そのような存在を信じることを信仰と呼んでいますが、神仏への信仰はおそらく、人類が言葉を話すようになった20万年前ごろには始まっていたのかもしれません。少なくとも、気の遠くなるような太古の昔からということでしょう。
もし古代の誰かが「神を見た」とか、「神の声を聞いた」という不思議な出来事があったのだとしても、現代の脳科学などの成果によって、それは「複雑怪奇な働きをする脳によるものだ」という結論が出てしまうはずです。
つまり、古代から信仰の対象となっているような超自然的な存在というものは存在しないというのが事実だということになります。
ところが、科学がここまで発達してきていながら、その科学に携わる人たちの中にさえ、信仰を捨てない人たちが少なくありません。
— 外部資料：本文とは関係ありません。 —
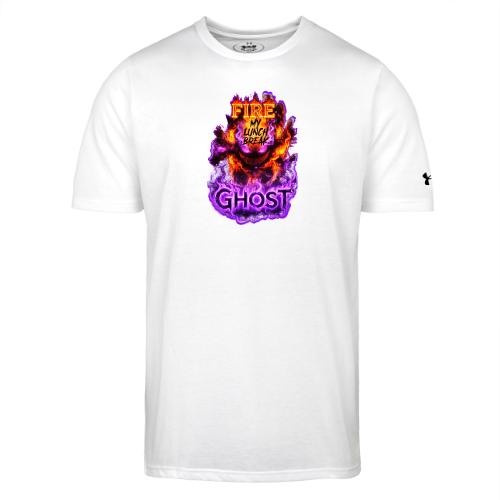 The Fire Ghost 26 - Under Armour Men's Athletic 2.0 T-Shirt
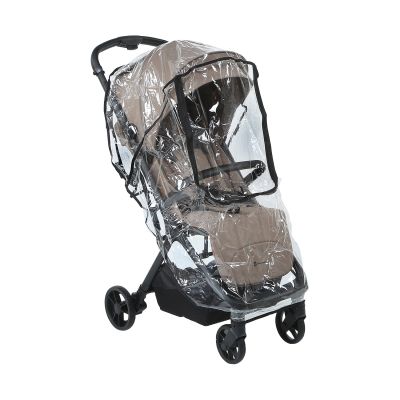 Titaniumbaby Regenhoes voor Buggy Premium Titaniumbaby Regenhoes voor Buggy Premium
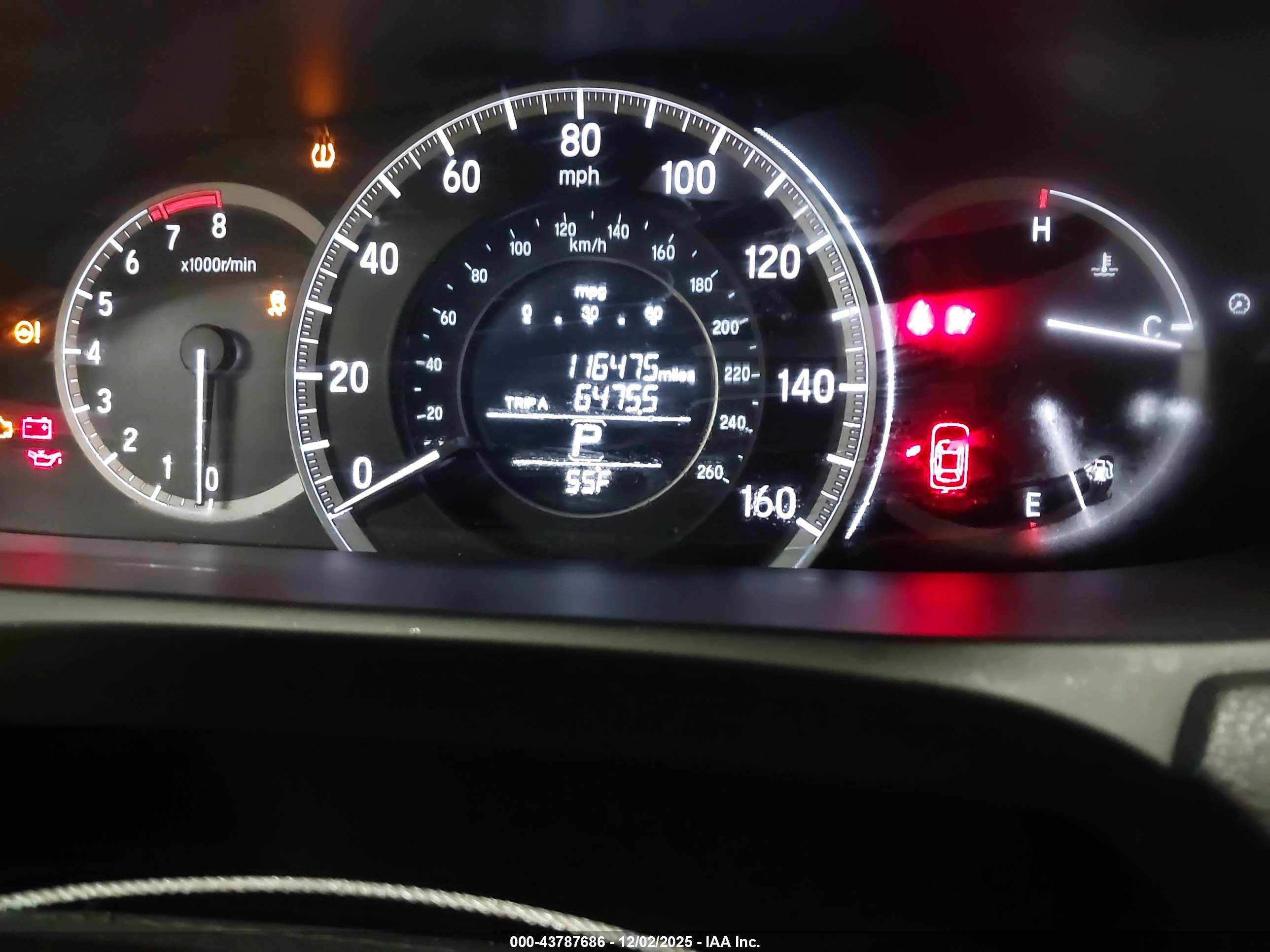 HONDA ACCORD image 7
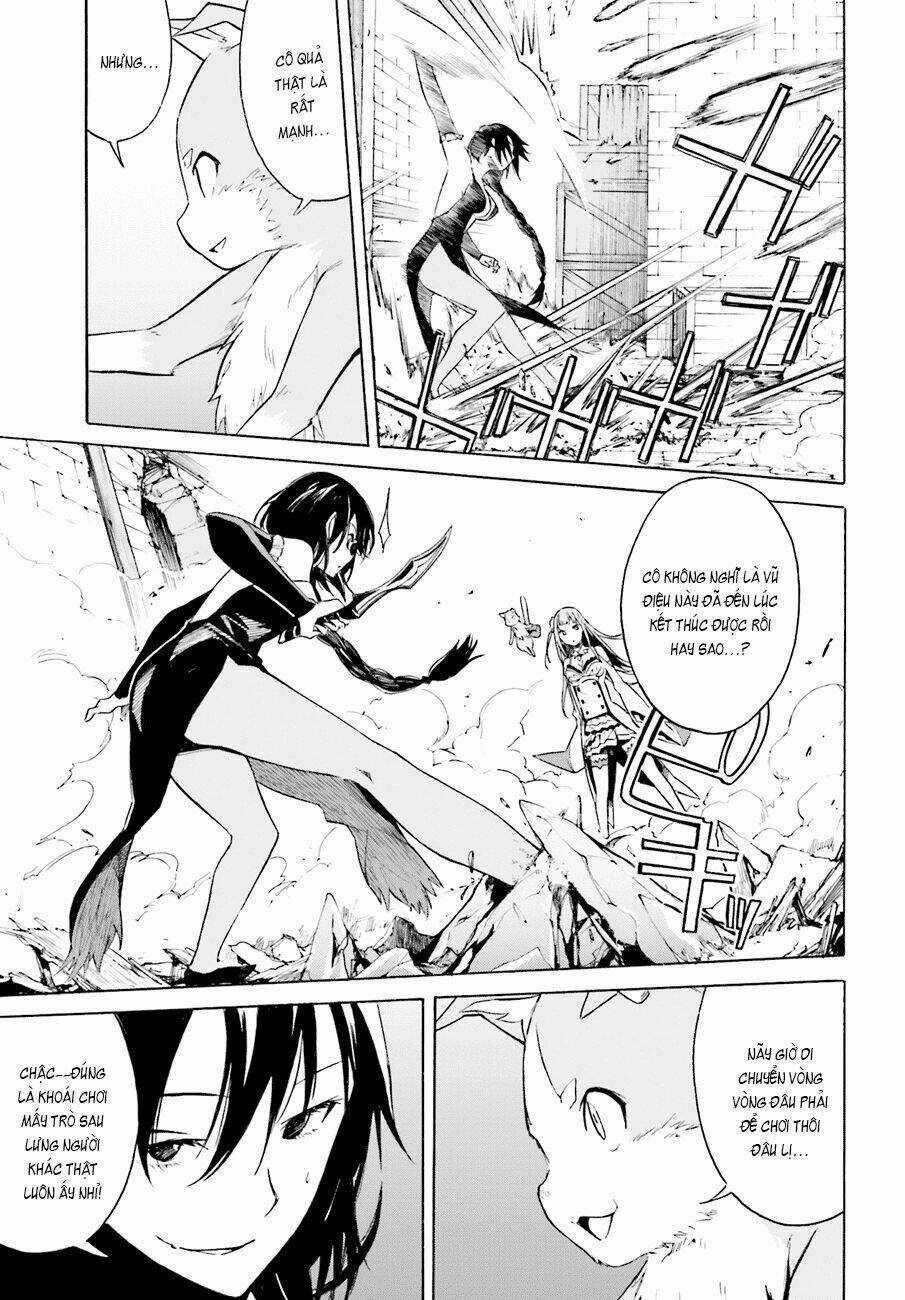 Seishun Location Chapter 9 trang 16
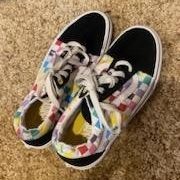 Vans Checkered Multicolored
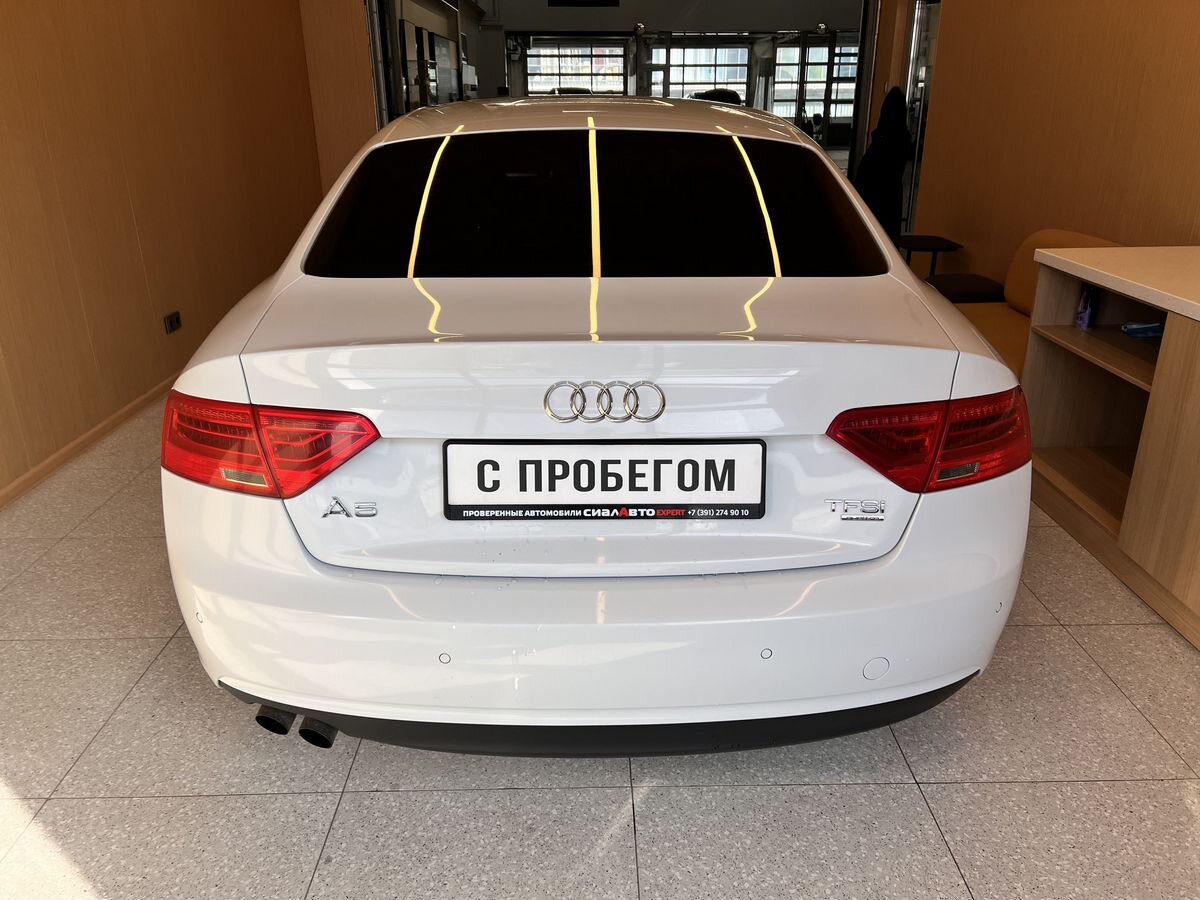 Audi A5 2013 5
それはなぜなのかといえば、信仰は「必要なもの」であり、「メリットの大きいもの」だと考える人が多いからです。
信仰のメリットとは何かといえば、脳の反射だけで生きることによる苦しみを和らげてくれることです。
私たち人類は途方もなく強大な脳を持たされて生きています。
これまでもこのコラムで紹介してきたように、私たちの「自由意志」や「理性」というものには限界があって、いくら「よく考えて判断した」と思っても、実はそのプロセスのほとんどは無意識下の脳が勝手に決めてしまっています。
本当のところはどうしてそう判断したのか?
私たちの意識は、その問題に正確に答えることができないんです。
脳とはそれほどまでに支配力が強いものですから、私たちはいったん感情的になると、もう理性的な判断などできなくなってしまうわけです。(脳科学でいえば、扁桃体が暴走している状態です。)それによってたくさんの苦しみを味わうことになります。
しかもそれは、活発に思考すればするほど、人類の本質であるはずの「社会性」が薄れていってしまい、自己防衛とか自己の正当化という方向に走ってしまいます。
それにより、脳に支配された自分が苦しむばかりでなく、身近にいる人たちにまで不幸を広げてしまうということがあります。
そういうことにならないようにするためには、とにかく、自己中心的な脳の支配を制限するしかありません。
そのために有効な手段として、神仏という超越した存在を認めること、つまり信仰というものが尊ばれてきたわけですね。
信仰とは、「社会性を主人として生きる人類の本質」を守るためのもの。
そう考えてよいでしょう。
アンガーマネジメントが目的としているのも、やはりその「社会性」です。
怒りやイライラによって失われてしまうことがある社会性をいかにして守っていくかという心理的なスキル、それがアンガーマネジメントですから、信仰をもつこと、神社やお寺にお参りすること、先祖を大事にすることなども、アンガーマネジメントの目的と共通する部分があります。
ただ気をつけたいのは、民族や国家というものが、自分たちとは異質な信仰を排除しやすいという現実です。
アメリカでは入国審査が厳しくなっているそうですが、心ない人々による「イスラム教徒は悪である」という考え方であるとか、悪者扱いされたイスラム教徒による「キリスト教徒こそ悪である」という考え方というのは、なかなかなくなりません。
幸い、日本人は「仏教」とか「神道」に束縛されておらず、簡単にいえば「何でも教」といえるほどに、世界のあらゆる信仰に対する謙虚さを共有しています。
宗教対立のある世界には、どうか日本を見習ってほしいものですね。